CHUNKSIZE    = 500_000
PREVIEW_ROWS = 5
KEEP_COLS    = ["comment_id","created_time","self_text","score","subreddit"]

# Stopwords (NLTK jika ada; fallback sklearn)
try:
    from nltk.corpus import stopwords
    STOPWORDS = set(stopwords.words("english"))
except Exception:
    from sklearn.feature_extraction.text import ENGLISH_STOP_WORDS
    STOPWORDS = set(ENGLISH_STOP_WORDS)
STOPWORDS |= {"im","u","ur","btw","lol","thx"}

STEMMER = PorterStemmer()
TOK     = ToktokTokenizer()

print("✅ Config ready")


✅ Config ready
CPU times: total: 15.6 ms
Wall time: 19.4 ms


## (Opsional) Lexicon slang & emoji + build `text_processor`

- Jika tidak punya CSV kamus: pipeline jalan pakai fallback mini.
- `text_processor` (ekphrasis) untuk normalisasi sosial: url/email/hashtag/elongated, dst.


In [3]:
%%time
def load_lexicon_csv(path, key_col, val_col):
    if os.path.exists(path):
        df = pd.read_csv(path)
        df = df[[key_col, val_col]].dropna()
        df[key_col] = df[key_col].astype(str).str.strip().str.lower()
        df[val_col] = df[val_col].astype(str).str.strip().str.lower()
        print(f"Loaded lexicon: {path} ({len(df):,} entries)")
        return dict(zip(df[key_col], df[val_col]))
    print(f"(Optional) Not found: {path}")
    return {}

EN_SLANG  = load_lexicon_csv("english_slang.csv", "slang", "normalized")
ID_SLANG  = load_lexicon_csv("indonesian_slang.csv", "slang", "normalized")
EMOJI_MAP = load_lexicon_csv("emoji_map.csv", "emoji", "normalized")

def sanitize_token(s: str) -> str:
    return re.sub(r"[^\w']", "", s.lower())

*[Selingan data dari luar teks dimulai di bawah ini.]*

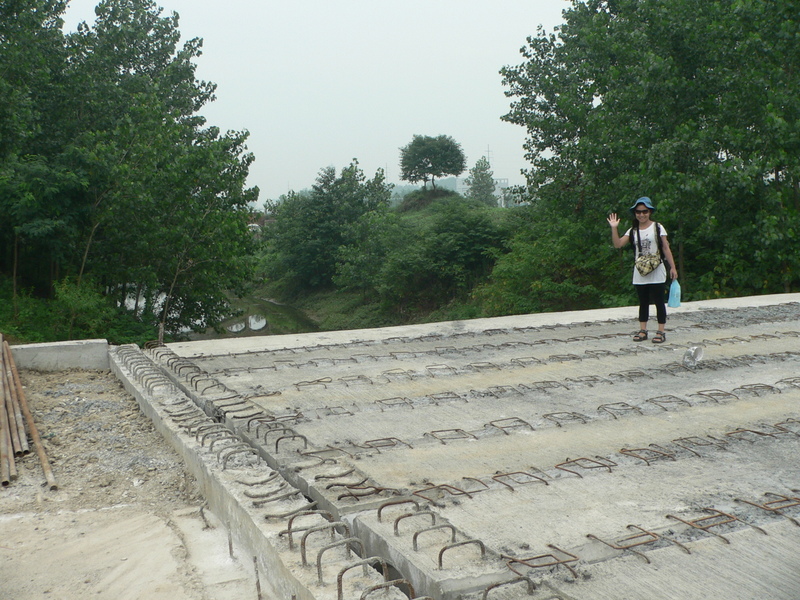 Ah Feng crossing the canal on the foundations of the new road bridge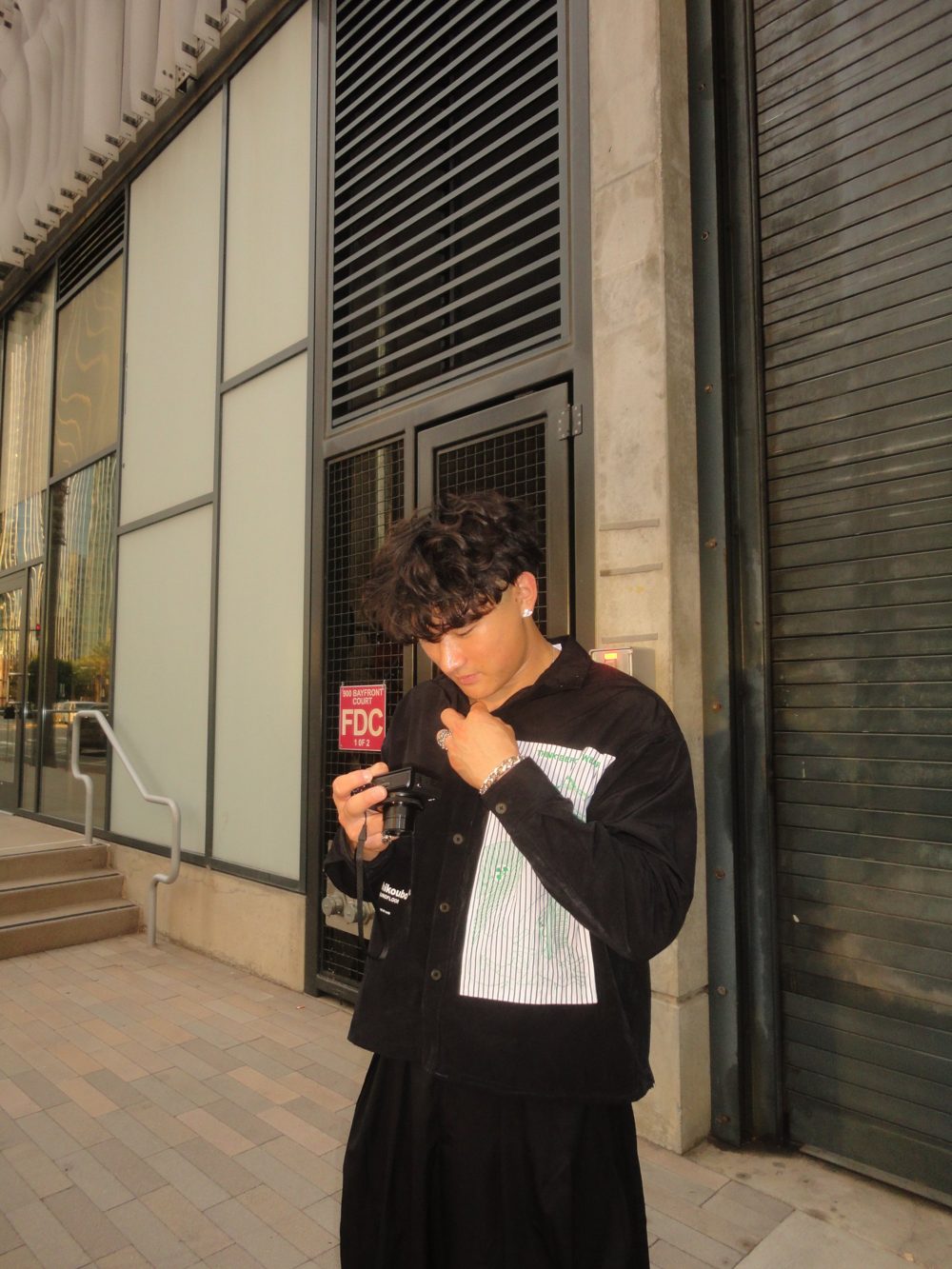 Johnny Chai checking footage on a camera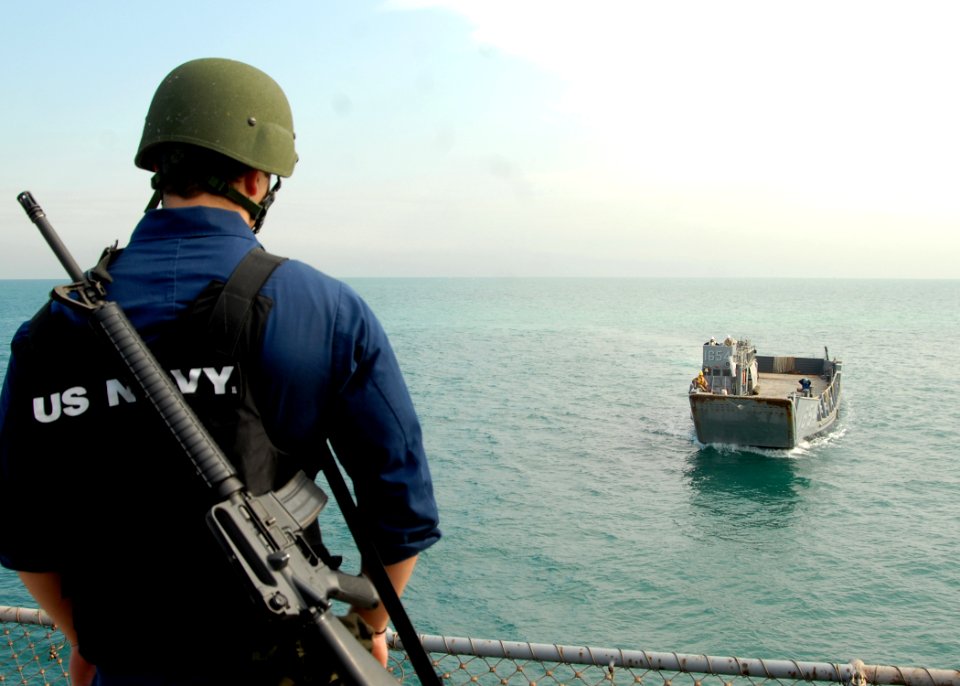 US Navy 081229-N-9134V-105 Seaman Keith Kelleher observes a landing craft utility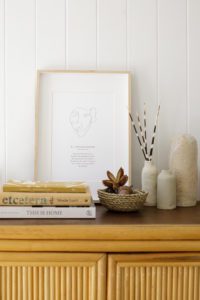 A Be Wholehearted Mantra Print in an oak frame on a sideboard.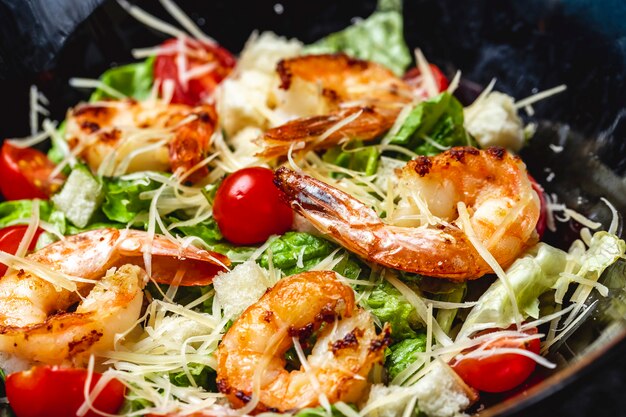 Side view caesar salad with grilled shrimps lettuce cherry tomatoes and parmesan on a plate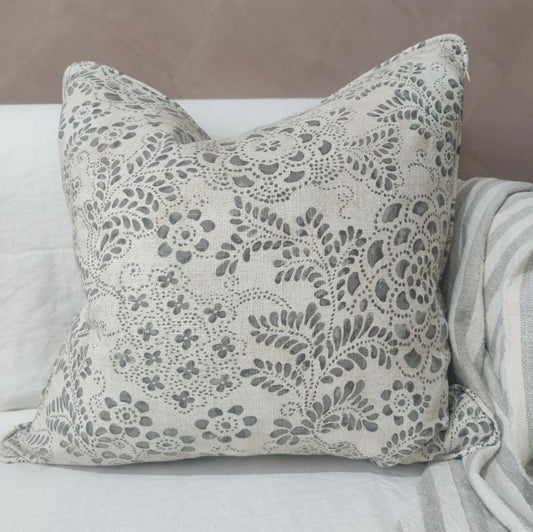 Effortlessly blend design and fabric with this stunning Foliage Taupe & Grey Linen Cushion. Made from a luxurious blend of 50% cotton and 50% linen, the invisible zipper adds a touch of elegance to its French-inspired style.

def sanitize_map(m: dict) -> dict:
    out = {}
    for k, v in m.items():
        sk = sanitize_token(k)
        sv = sanitize_token(v)
        if sk and sv:
            out[sk] = sv
    return out

SLANG_MAP = {}
SLANG_MAP.update(sanitize_map(EN_SLANG))
SLANG_MAP.update(sanitize_map(ID_SLANG))
if not SLANG_MAP:
    SLANG_MAP.update({
        "idk":"i do not know","imo":"in my opinion","imho":"in my humble opinion",
        "btw":"by the way","tbh":"to be honest","omg":"oh my god","wtf":"what the fuck",
        "ikr":"i know right","thx":"thanks","pls":"please","u":"you","ur":"your",
        "dont":"do not","cant":"cannot","wont":"will not","ive":"i have",
        "isnt":"is not","wasnt":"was not","arent":"are not","w":"win","l":"loss"
    })

def build_text_processor():
    return TextPreProcessor(
        normalize=['url','email','percent','money','phone','time','date'],
        annotate={'hashtag','allcaps','elongated','repeated'},
        fix_html=True,
        segmenter='twitter',
        corrector='twitter',
        unpack_hashtags=True,
        unpack_contractions=True,
        tokenizer=SocialTokenizer(lowercase=False).tokenize,
        dicts=[]
    )

text_processor = build_text_processor()
print("✅ text_processor ready | slang entries:", len(SLANG_MAP))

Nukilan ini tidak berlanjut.